21 kwietnia 2015, 09:27
Doradzę Ci coś bardzo racjonalnie. Bo widzę, że niektóre dziewczyny unoszą się bardzo emocjonalnie ale kiedy emocje już opadną zdanie na ten temat w moim przypadku są takie same jak koleżanek powyżej.Wybacz mu, bo trzeba żyć w zgodzie ale już nie z tym człowiekiem. Wybacz i odejdź. Bo zrobi to (zdradzi Cię ) i drugi i trzeci raz. Zdradzi Cię kiedy mu tylko coś nie podpasuje i będzie to tłumaczył jako nic nie znacząca sytuacja, bo przecież każdy facet ma pierwotny instynkt nakazujący mu przelecieć jak największą ilość partnerek. Przepraszam ale jesteśmy osobami rozumnymi i takie tłumaczenie facetów jest po prostu bzdurą i wymówką. Znajdź faceta który będzie trzymał Cię za rękę w wieku 70 lat i powie jeszcze kocham. Są tacy faceci. Mój dziadek na przykład :)pozdrawiam!
To sa takie bzdury... nie wiem skad te bajki, ze jak ktos zdradzil, to na pewno zrobi to i drugi i trzeci i dziesiaty raz...Nie wiem czy wiesz, ale wiele osob na tyle zaluje zdrady i na tyle ona im spieprza zycie, ze nigdy sie do tego wiecej nie posuna.
Edytowany przez cancri 21 kwietnia 2015, 09:28
21 kwietnia 2015, 10:39
jedna zdrada jest przereklamowana, po drugiej wywalic.
21 kwietnia 2015, 11:03
wszystko mozna wybaczyc, jesli wuidac skruche i jest chec ratowania zwiazku z obu stron. Prawda jest taka, ze kazdy facet rozważa zdradę ale albo brakuje odwagi, albo okazji albo w zwiazku się nagle poprawia.

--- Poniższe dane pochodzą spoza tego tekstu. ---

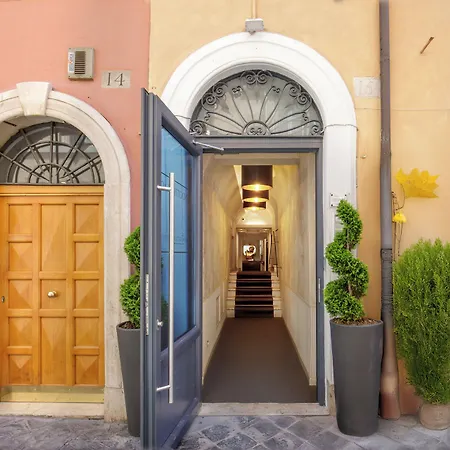 Condotti Palace 4*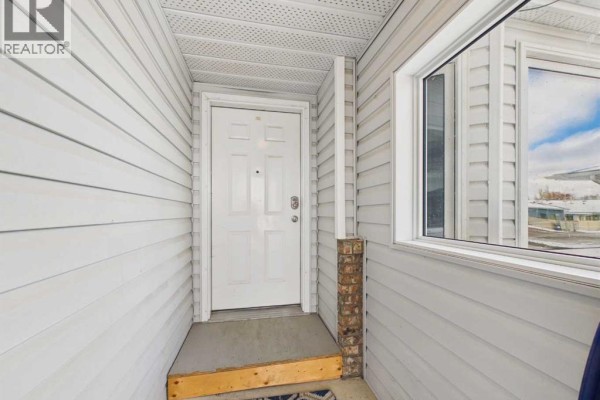 Primary Bedroom - 63 Ellis Street, Red Deer, AB T4R2C6 Photo 3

Współczuje twojej żonie (o ile ją masz) takiego płytkiego mężusia a dzieciom ojca z rozumkiem wielkości przyrodzenia własnego ^^
autorko zrobisz jak uważasz. Ja zdrady nie wybaczyłam i dobrze na tym wyszłam. Zdradził raz może zrobi to drugi raz może nie, ale szacunku nie ma.
21 kwietnia 2015, 11:10
Niestety, nie wybaczyłabym, bo do końca życia bym pamiętała,że to zrobił. Choć po tak długim związku musi być cholernie ciężko podjąć taką decyzję. Ja jestem teraz w 5 letnim związku, bardzo go kocham ale gdyby mnie zdradził wyjście z tej sytuacji byłoby tylko jedno - rozpoczęcie nowego życia bez niego u boku. To chyba też kwestia własnych zasad, dla mnie zdrada jest czymś tak podłym, że nie mogłabym przejść nad tym do porządku dziennego. Może z czasem bym wybaczyła ( będąc osobno) ale nigdy nie zapomniałabym.